1. Open the vSphere Client. Go to the "Configuration" tab of the host and select the network connection in the hardware list to display the current configuration of VMware vSwitch.
2. Select properties on the vSwitch to be configured. After that, a new pop-up window will display the existing ports of the vSwitch and the properties now applied.
Select the port for which you want to configure security settings, and then click Edit. After that, click the Security tab to activate it. The three available default security settings on the selected port will be displayed here.
Figure 1. From the VMware vSwitch properties, you can see all configured ports.
Configure VMware vSwitch security policy.
The first vSwitch security policy you need to decide is whether to use promiscuous mode. Promiscuous mode intercepts and monitors all traffic sent by the NIC to other nodes. By default, this mode is off, but if the administrator wants to do network security analysis, he can enable this mode. Promiscuous mode allows hosts to monitor all network traffic through virtual switches, which can also help you analyze all activities in the network. However, administrators can only use this mode when conducting security analysis, because it will affect network performance.
The second security policy is that users can specify whether the MAC address of the virtual network card is allowed to be changed. By default, this feature is enabled, allowing the operating system to change the MAC address in different situations. This default setting is useful when you need this feature, such as connecting to an iSCSI storage area network or enabling Microsoft network load balancing. But if you don't use these functions in your environment, you'd better turn off this special update so that attackers can't change the MAC address or forge the IP address of the virtual host.

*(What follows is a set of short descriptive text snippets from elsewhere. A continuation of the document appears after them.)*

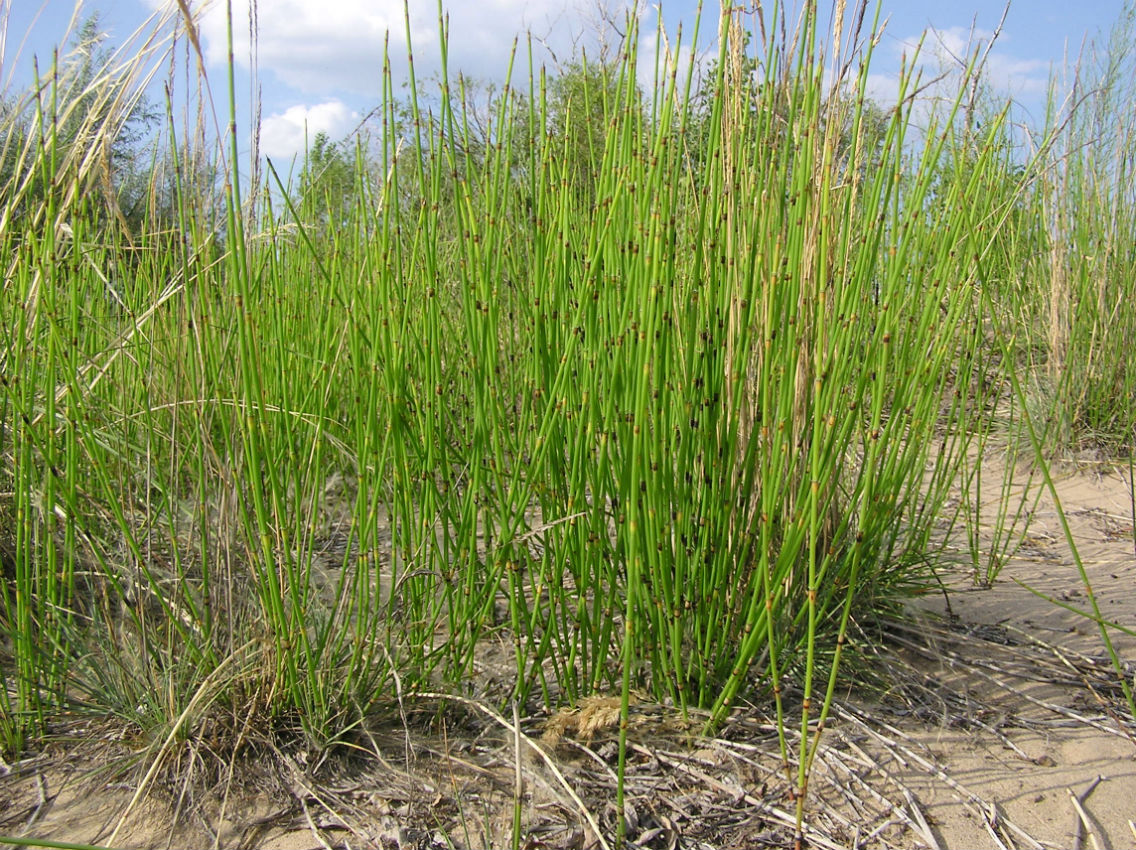 Изображение особи Equisetum &times; moorei.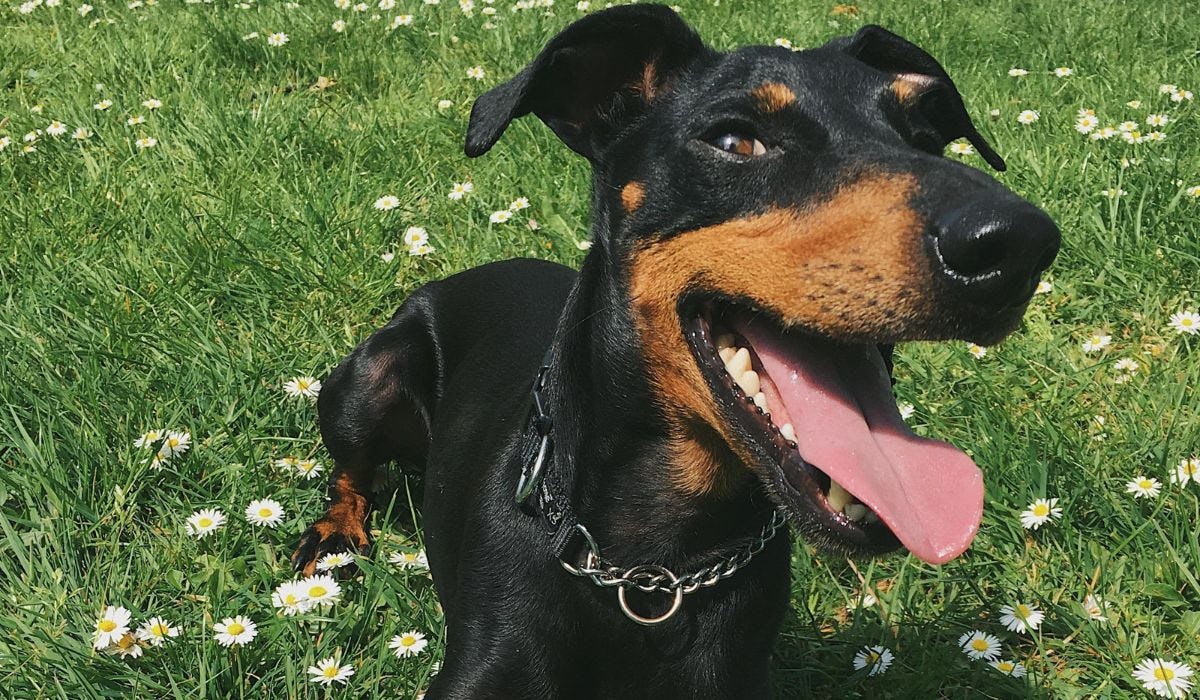 Manchester Terrier breed guide: Care, training, and fun facts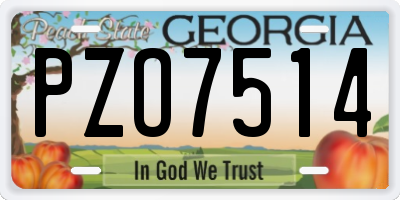 GA license plate PZO7514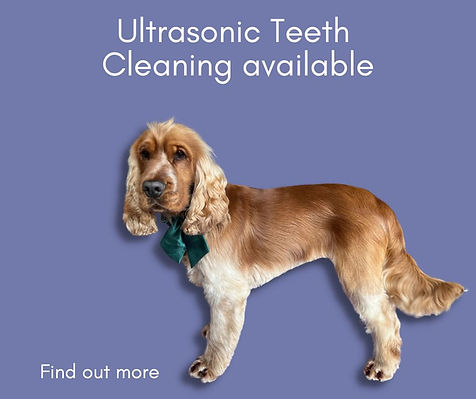 ultrasonic-teeth-cleaning.jpg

The third way to strengthen the security of VMware vSwitch is to reject false traffic. Rejecting false traffic means that the virtual machine (VM) will compare the source MAC address of the packet with the real MAC address of its network card to see if they match. If they are not the same, the ESXi host will discard these packets and prevent the virtual machine from sending network traffic.
By default, this feature is turned on because it is sometimes needed to avoid software licensing problems. For example, if the software on the physical machine is only authorized to the specified MAC address, it will not work properly on the virtual machine because the MAC addresses of the virtual machines are different. In this case, allowing false traffic allows you to use the software by forging the MAC address of the virtual machine.
However, allowing false traffic will bring security risks. If the administrator only authorizes the specified MAC address to access the network, the intruder can change his unauthorized MAC address to an authorized MAC address.
Traffic throttling is another feature that VMware vSwitch can enhance security. When this feature is turned on, you can limit the available bandwidth of the virtual network card connected to the vSwitch. This setting will not affect the overall performance of the network, but only set a limit value for each network interface. Setting this limit can help, because limiting the average bandwidth, maximum bandwidth and burst value can prevent a node from occupying all the bandwidth of the switch and network, which is a good way to prevent DOS attacks.
Figure 2. By setting the maximum available bandwidth of each interface, DOS attacks can be prevented.
As you can see, some default security settings of VMware vSwitch are designed to improve usability, not security. Through some simple changes, the security level of virtual machines can be improved and the risk of external network attacks can be reduced.